Galleys & Galleons: Run for port

Merchants at the far end, pirates to the sides, safe harbour
on nearest edge.
This was an impromptu and simple Galleys & Galleons scenario to provide an opportunity for fielding my merchant and Chinese pirate factions. It was not points-costed so only roughly balanced.

The idea was that a diverse group of merchant ships should have to make for a fortified harbour at the other end of the table.  If multiple players had been available they would have competed to get their ship home or make captures, and turns would have been regulated by drawing cards . As it happened the game was played by only two people. The objectives still stood. The merchantmen needed to make the harbour entrance and the pirates needed to capture, not destroy, the merchant prizes.

The merchants comprised diverse ships namely an Indiaman, Merchantman, Fluyt and Dhow.
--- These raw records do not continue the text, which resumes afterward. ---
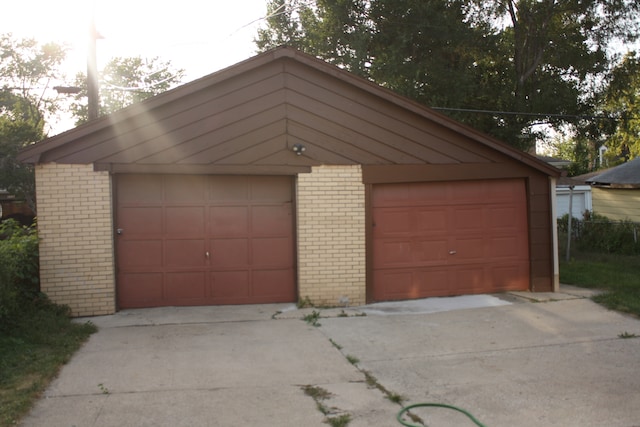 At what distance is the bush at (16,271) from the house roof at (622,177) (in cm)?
1785

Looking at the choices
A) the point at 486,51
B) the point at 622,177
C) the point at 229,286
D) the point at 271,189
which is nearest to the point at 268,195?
the point at 271,189

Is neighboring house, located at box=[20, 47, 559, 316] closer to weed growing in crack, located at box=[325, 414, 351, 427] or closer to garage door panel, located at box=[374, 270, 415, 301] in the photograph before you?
garage door panel, located at box=[374, 270, 415, 301]

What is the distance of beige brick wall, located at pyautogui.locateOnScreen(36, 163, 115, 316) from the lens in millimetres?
9641

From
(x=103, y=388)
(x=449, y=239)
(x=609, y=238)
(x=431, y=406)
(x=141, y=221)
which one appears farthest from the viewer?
(x=609, y=238)

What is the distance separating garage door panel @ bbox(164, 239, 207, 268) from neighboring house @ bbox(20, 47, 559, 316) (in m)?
0.02

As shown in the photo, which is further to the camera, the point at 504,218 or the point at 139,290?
the point at 504,218

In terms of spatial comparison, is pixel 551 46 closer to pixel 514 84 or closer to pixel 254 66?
pixel 514 84

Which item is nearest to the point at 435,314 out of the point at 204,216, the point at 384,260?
the point at 384,260

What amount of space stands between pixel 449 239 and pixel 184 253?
4.54 m

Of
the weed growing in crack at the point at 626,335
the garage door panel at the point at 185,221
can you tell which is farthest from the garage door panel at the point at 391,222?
the weed growing in crack at the point at 626,335

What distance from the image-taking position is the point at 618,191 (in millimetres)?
23594

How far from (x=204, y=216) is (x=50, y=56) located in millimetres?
38619

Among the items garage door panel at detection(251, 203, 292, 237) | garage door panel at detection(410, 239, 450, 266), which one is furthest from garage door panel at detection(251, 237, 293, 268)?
garage door panel at detection(410, 239, 450, 266)

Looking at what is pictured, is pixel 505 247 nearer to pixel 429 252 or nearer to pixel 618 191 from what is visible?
pixel 429 252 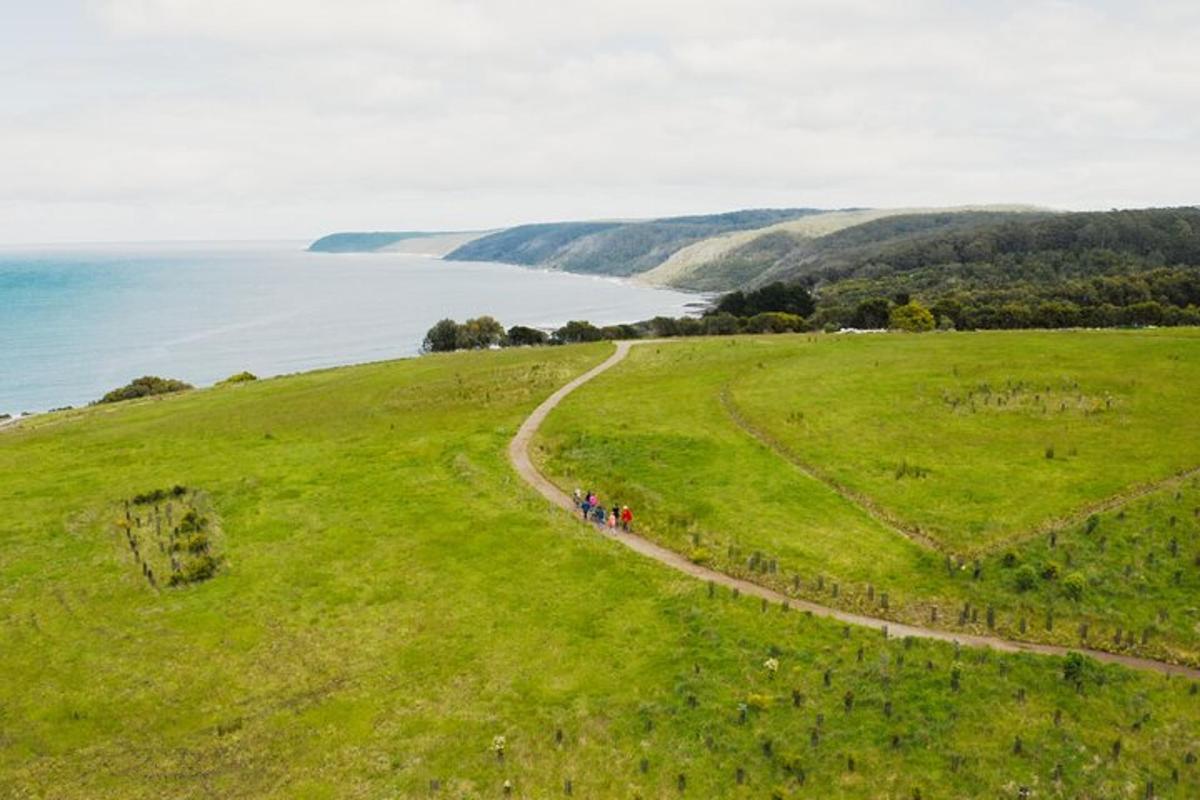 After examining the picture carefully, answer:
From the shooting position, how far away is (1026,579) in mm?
35812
The pirates had four junks, all defined as per the lists in the rules. The junks needed to intercept, grapple and board the merchantmen.  The merchants needed to expedite their escape. Nobody had much interest in shooting, though the pirates did have some success with firing chainshot when not in a position to do anything else.

Wind was, as ever, decisive. The merchants as defenders set the wind on their beam not appreciating that the pirates as attackers could move it two clicks (because I'd failed to point this out). This severely hampered the merchants.
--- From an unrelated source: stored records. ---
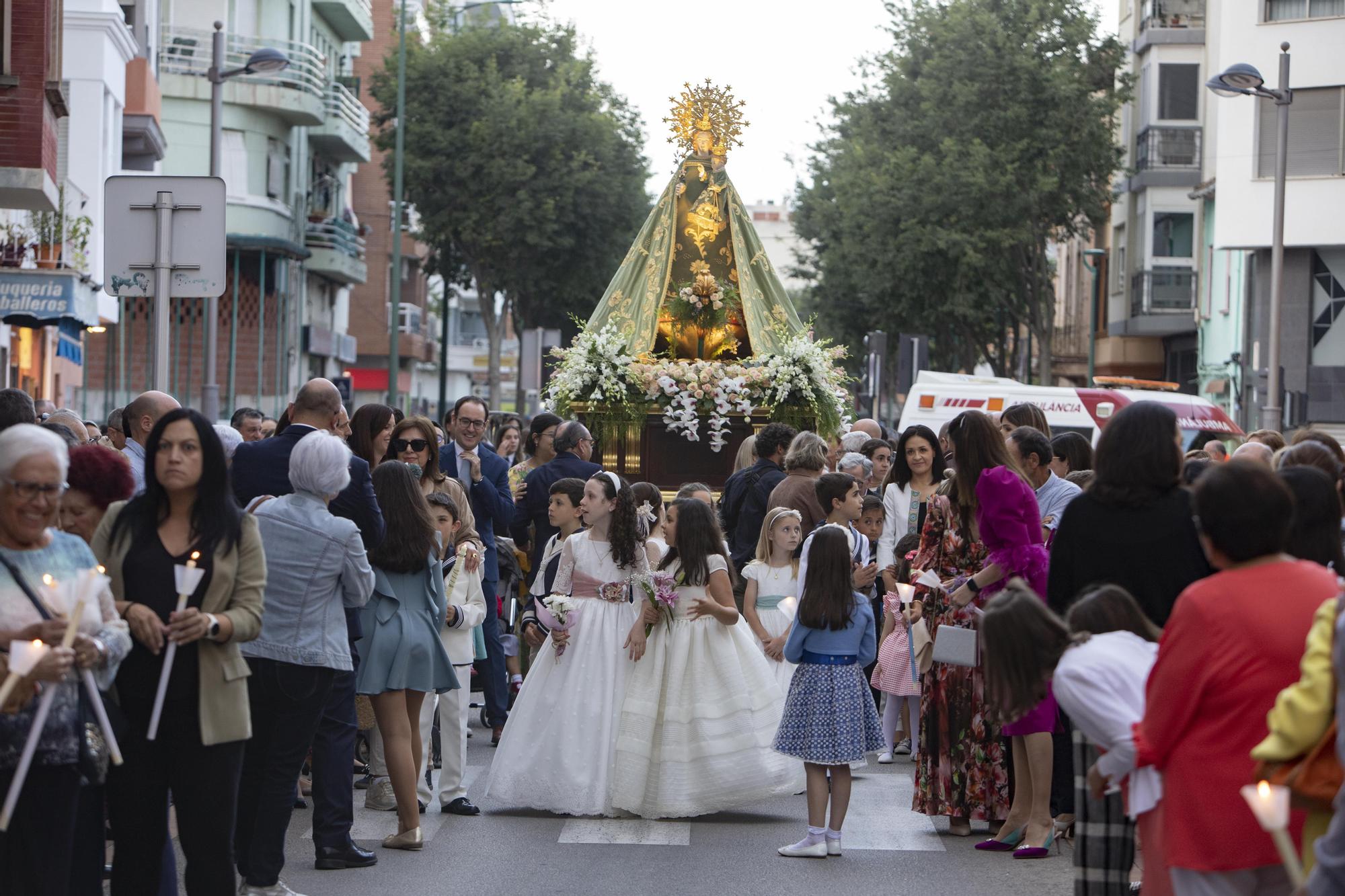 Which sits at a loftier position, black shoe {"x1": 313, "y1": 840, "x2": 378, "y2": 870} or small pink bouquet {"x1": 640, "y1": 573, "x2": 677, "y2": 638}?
small pink bouquet {"x1": 640, "y1": 573, "x2": 677, "y2": 638}

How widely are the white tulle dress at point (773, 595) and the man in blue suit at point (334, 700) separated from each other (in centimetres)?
288

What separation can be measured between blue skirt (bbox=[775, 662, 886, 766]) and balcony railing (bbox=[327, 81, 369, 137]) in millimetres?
40214

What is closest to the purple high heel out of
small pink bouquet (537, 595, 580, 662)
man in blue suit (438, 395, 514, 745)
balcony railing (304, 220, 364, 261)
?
small pink bouquet (537, 595, 580, 662)

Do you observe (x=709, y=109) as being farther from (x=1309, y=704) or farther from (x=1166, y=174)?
(x=1166, y=174)

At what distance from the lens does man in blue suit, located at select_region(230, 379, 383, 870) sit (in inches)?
344

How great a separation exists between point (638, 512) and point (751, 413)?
768cm

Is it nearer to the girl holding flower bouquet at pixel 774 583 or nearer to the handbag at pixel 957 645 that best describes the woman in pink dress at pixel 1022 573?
the handbag at pixel 957 645

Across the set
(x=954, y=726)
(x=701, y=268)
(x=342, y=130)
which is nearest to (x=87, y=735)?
(x=954, y=726)

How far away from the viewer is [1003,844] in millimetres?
9484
The four merchant ships (upper left) have difficulty making headway,
while the pirates close in from both sides. 
The pirates had the option of starting at the middle of one or both of the long sides. Splitting the pirate force could have been bad if one part had the wind gauge and the other did not, but as it happened both parts of the pirate fleet had no problem in closing on the merchantmen.

The pirates take on the strongest merchant ship, the Indiaman.
The pirate ships had combat factors of only 2, but their high quality, also 2, and their agility as Yare craft, meant that each ship could risk throwing 3 dice for activation and was able to turn, move, grapple and board their opponents without any problem.

The Fluyt (second ship from the top with the red dice) is
crippled. The Indiaman is grappled by one junk and about to be
grappled by another.
The game wasn't played to a conclusion, but none of the merchants made it to harbour. The merchant player could have brought the shore forts and batteries into play, but the battle never reached them. The Fluyt was crippled and even the more powerful Indiaman had a couple of junks grappled to it with a third hovering and waiting for a wind change.

All in all it was a bad day for legitimate commerce.


  1. I'm currently planning another scenario which will centre on the land fortifications. More anon.